London’s Metropolitan Police was one of the world’s first modern police forces and is still, by numbers, one of the largest. It is now the subject of one of the most damning reports ever filed on a major British institution. A review by a senior peer has deemed the Met institutionally racist, misogynist and homophobic. The force is beset by discrimination and bullying, it says, and seems unable to police itself. The Met has degraded frontline services and is failing women and children in particular. Public consent — the principle underpinning the model of policing that Sir Robert Peel created in the 1820s — is “broken”.
The review by Baroness Louise Casey was commissioned after the rape and murder of Sarah Everard by a serving Met officer, Wayne Couzens, in 2021. Publicity around that case led to another coming to light — David Carrick, sentenced last month to 30 years for raping and sexually abusing 12 women over 17 years. Carrick and Couzens served together in the parliamentary and diplomatic protection command, described by Casey as a “dark corner” of the Met. Both abused their roles to facilitate their crimes.
While these are the most extreme examples, they reflect failings of an internal culture running through the force. Sexism and racism are routine, homophobia “deep seated”. Some 12 per cent of women who responded to a survey said they had experienced sexual harassment or assault at work. Distressing case studies illustrate the findings: a Sikh officer who had his beard cut; a Muslim who had bacon left in his boots.
London’s residents, the report warns, are being badly let down. The city “no longer has a functioning neighbourhood policing service”. Organisational cuts have severed contacts with communities. De-prioritisation of public protection has put women and children at unnecessary risk. Black Londoners are “both over-policed and under-protected”, and still disproportionately affected, as for decades, by the abuse of stop and search powers.
Successive governments bear some responsibility. Apart from Theresa May, home secretaries have been scared to take on the police. The Cameron government’s “austerity” measures have taken a lasting toll. Met spending is now about £700mn, or 18 per cent, lower in real terms than in 2013. That, the report says, would be enough to employ more than 9,600 extra police constables.
Casey rightly salutes the decency and bravery of many officers. But the Met has for too long put its problems down to a “few bad apples” instead of identifying and tackling the systemic causes. What is needed now is a root-and-branch overhaul of the 43,000-strong force, with measurable targets that are scrupulously monitored.
The latest Met commissioner, Sir Mark Rowley, is an able and committed former counter-terrorism head. He will need courage and the full backing of the national and London governments to implement the report’s 16 recommendations to regain trust and rebuild frontline policing. Whitehall should give Rowley the powers he seeks to sack bad officers more easily. External police and experts need to be brought in to help drive change. And vetting procedures for recruitment and promotion, a particular weakness in recent years, must urgently be tightened and standardised.
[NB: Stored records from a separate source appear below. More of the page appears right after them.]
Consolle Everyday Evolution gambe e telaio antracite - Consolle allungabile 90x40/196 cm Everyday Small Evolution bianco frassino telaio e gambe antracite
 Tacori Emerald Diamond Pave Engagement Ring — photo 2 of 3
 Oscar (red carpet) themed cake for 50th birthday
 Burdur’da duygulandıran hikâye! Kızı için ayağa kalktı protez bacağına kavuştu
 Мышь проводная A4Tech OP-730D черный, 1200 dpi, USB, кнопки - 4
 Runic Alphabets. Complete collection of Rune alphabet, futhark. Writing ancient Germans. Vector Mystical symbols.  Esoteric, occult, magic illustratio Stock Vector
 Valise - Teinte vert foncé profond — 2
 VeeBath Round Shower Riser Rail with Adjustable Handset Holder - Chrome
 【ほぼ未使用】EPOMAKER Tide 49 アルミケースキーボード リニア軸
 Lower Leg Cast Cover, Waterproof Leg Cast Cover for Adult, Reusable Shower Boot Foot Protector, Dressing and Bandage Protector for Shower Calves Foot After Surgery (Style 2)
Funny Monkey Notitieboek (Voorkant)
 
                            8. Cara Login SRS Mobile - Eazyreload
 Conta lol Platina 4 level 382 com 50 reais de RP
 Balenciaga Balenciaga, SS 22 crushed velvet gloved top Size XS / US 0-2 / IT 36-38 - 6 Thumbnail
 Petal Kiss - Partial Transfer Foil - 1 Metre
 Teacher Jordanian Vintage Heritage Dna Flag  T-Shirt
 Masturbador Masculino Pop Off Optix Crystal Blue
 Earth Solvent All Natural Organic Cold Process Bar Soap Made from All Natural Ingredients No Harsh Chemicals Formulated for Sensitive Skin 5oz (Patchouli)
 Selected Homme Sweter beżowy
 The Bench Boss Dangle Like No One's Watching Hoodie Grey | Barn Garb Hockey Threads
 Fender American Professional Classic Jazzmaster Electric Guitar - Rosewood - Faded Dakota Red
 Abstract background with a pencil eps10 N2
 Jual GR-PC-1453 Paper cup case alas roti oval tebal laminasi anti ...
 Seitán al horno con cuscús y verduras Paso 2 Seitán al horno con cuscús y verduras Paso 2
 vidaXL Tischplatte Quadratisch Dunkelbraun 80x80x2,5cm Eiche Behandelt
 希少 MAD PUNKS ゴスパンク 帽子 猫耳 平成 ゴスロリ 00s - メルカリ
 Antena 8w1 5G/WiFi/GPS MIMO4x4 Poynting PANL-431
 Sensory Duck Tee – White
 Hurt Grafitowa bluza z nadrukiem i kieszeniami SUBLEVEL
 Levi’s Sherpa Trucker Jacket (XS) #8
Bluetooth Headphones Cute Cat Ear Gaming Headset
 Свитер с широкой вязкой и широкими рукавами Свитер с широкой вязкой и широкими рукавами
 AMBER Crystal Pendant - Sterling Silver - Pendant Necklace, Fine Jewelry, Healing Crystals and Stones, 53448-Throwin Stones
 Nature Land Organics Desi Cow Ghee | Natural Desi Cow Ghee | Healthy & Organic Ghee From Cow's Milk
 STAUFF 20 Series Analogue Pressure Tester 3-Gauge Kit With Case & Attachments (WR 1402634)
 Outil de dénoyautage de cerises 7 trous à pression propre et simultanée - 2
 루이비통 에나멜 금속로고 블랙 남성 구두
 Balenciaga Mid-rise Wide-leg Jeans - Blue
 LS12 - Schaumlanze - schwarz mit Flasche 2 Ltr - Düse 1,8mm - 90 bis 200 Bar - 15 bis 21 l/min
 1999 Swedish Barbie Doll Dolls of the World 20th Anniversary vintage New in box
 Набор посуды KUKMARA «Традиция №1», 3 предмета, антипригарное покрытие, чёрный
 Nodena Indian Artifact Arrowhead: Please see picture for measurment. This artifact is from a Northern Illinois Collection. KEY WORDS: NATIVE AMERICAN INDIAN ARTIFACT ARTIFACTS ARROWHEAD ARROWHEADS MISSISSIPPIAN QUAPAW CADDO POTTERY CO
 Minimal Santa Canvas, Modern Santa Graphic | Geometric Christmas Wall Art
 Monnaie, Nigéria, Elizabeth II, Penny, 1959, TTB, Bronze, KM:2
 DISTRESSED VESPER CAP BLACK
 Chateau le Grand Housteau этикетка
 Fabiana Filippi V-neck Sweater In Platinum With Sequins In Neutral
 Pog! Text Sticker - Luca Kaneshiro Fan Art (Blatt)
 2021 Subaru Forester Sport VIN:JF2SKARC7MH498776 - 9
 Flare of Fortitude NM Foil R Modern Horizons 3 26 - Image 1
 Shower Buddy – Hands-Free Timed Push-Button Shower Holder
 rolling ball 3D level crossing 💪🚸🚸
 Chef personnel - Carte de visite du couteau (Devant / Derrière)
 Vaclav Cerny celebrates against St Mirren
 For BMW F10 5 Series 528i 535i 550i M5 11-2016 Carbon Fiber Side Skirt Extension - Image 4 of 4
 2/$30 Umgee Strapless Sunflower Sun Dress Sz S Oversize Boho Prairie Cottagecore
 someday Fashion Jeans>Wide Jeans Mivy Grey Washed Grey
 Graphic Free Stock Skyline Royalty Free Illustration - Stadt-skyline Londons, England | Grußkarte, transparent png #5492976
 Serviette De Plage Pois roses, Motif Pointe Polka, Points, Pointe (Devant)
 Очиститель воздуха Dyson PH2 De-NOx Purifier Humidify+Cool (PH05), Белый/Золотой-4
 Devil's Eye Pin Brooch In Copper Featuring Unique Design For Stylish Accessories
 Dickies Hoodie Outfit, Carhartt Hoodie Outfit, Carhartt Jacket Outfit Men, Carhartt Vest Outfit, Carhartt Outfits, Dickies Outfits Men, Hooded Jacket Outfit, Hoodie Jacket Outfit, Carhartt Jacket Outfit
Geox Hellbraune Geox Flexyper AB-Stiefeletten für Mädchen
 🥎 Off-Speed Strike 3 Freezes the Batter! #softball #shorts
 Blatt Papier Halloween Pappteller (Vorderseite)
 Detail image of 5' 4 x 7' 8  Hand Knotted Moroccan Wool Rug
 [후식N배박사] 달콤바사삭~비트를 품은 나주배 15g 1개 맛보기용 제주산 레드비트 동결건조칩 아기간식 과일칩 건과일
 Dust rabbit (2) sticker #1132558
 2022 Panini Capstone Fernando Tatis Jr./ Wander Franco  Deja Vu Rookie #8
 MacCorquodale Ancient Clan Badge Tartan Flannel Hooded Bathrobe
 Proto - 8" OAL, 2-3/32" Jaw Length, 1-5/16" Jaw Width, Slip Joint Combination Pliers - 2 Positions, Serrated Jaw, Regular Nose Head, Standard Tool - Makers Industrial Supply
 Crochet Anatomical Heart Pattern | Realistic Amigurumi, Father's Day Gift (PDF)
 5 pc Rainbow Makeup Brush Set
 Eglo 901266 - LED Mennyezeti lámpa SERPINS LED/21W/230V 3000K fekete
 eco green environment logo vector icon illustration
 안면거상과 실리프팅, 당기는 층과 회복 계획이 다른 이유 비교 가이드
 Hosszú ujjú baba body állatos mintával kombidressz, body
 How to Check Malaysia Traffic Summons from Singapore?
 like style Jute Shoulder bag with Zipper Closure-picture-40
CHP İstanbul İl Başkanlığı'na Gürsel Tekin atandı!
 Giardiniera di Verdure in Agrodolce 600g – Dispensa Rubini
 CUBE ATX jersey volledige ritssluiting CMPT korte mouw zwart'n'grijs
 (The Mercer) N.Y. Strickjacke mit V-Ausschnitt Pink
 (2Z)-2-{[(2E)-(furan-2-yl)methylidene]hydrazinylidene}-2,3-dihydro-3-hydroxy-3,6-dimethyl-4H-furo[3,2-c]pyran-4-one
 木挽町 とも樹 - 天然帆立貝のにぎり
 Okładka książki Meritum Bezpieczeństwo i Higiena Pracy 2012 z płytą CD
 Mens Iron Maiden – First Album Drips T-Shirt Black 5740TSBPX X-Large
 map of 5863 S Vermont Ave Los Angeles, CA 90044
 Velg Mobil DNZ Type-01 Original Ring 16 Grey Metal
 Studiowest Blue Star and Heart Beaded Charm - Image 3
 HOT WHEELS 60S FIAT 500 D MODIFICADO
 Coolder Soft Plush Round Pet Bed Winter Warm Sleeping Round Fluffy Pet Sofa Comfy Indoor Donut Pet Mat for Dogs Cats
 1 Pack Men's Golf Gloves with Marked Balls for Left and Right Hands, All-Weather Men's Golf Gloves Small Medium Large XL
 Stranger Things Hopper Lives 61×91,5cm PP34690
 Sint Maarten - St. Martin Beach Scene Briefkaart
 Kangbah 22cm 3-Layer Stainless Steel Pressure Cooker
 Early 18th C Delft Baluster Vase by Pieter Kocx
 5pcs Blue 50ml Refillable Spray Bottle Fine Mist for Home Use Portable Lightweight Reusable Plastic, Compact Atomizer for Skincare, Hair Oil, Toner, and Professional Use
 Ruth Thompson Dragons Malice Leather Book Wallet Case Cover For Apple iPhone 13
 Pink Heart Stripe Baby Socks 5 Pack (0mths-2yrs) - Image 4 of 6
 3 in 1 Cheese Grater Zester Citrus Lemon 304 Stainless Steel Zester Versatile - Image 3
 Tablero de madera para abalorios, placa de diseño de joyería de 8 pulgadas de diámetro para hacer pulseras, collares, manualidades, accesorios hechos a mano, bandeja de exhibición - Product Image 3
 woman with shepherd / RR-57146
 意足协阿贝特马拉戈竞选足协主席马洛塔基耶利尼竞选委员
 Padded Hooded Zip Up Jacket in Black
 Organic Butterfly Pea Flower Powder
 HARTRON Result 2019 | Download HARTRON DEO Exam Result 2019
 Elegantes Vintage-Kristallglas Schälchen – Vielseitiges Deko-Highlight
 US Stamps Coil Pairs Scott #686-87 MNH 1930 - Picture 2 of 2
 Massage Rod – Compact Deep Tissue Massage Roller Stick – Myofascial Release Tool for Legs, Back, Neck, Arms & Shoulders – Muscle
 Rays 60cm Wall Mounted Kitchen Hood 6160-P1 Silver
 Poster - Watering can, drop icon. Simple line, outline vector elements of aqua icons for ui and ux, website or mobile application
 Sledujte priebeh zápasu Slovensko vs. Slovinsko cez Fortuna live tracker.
The possibility of a Met break-up, which Casey warns may ultimately be necessary, should be kept on the table. Splitting off the force’s national role in counter-terrorism and government protection would allow it to focus entirely on the capital, and end its twin reporting lines to the home secretary and London’s mayor. Only by seizing this last chance to reinvent itself will the Met be able to enter a third century in anything like its current form.